16 Ways to Kill a Vampire at McDonalds is a comedy horror puzzle game, made in Twine. Spoilers below the cover image.

Cover art for 16 Ways to Kill a Vampire at McDonalds

First impression: The cover image may be on-the-nose but it does the job and looks clean and neat. The blurb is minimalistic and provides all we need to know about the game, as well as a dash of blase humour.

Starting up, we’re plunged into things with our narrator, Lucy, complaining about the “leeches all over this poor little town”. The narrative voice is confident and comes across as effortlessly throwaway as Lucy throws out witticisms and self-deprecating comments – the kind of “effortless” prose that takes a lot of work to pare down.

I’m struck by the menu and inventory sections: this is unusual for a Twine game and puts me in mind of a puzzly setup.
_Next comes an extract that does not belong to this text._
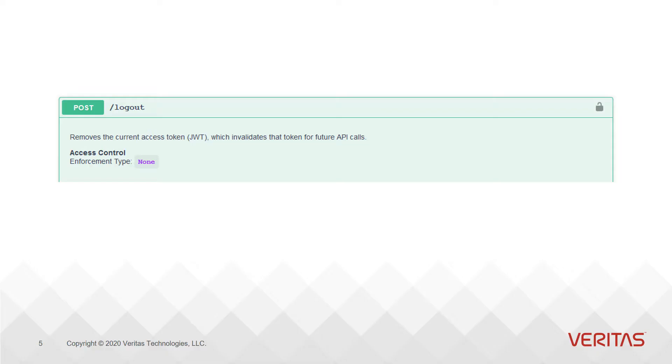The first item in the access control block is enforcement type, which has three possible values: none, API level, and object level. An enforcement type of none signifies that this is an open API that does not have any RBAC access control requirements.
The menu helps solidify this impression with achievements, unlockables and multiple endings along with handy hints.

Getting stuck in: The prose continues to be minimalistic but has delightful touches like Lucy going on a self-deprecating riff about being judged for smoking. It turns out that Lucy usually acts as bait along with her more combative vampire hunting team members, and she’s been caught unawares. It’s her job now to remove this vampire from McDonalds before he eats the cashier, using a wide variety of ingenious tactics.

The game’s environment is small and self-contained, but with many items that can be interacted with, combined and used as in a parser or point-and-click adventure game. Some methods of removing the vampire are more complicated to work out than others, some are wonderfully goofy (I enjoyed flooding the room with ultraviolet light) and some I still haven’t managed to complete (my Biblical knowledge isn’t quite up to scratch). But the game by its nature is designed for replayability, providing autosaves, the ability to skip the pre-vampire passages, and generally being both efficient and fun to read.

Pros: Lucy is a delightful protagonist with a disaffected facade but a protective streak, and reminds me of a Bryan Fuller heroine. The game looks and plays simply, but this is not a negative: it does what it does very solidly and is very well put together. The achievements and unlockables make the player’s goals very clear, which for me is important for a puzzle game to be played multiple times, while not removing challenge altogether.

Cons: It’s hard to think of cons that aren’t a wishy-washy “I’m too much of a perfectionist” sort of comment. I’d like to see more of Lucy and her friends and I wasn’t able to finish everything in the two-hour judging limit, but that’s more of a pro since it’s made me keen to play more!

Overall: An excellent bite. Straightforward and effective.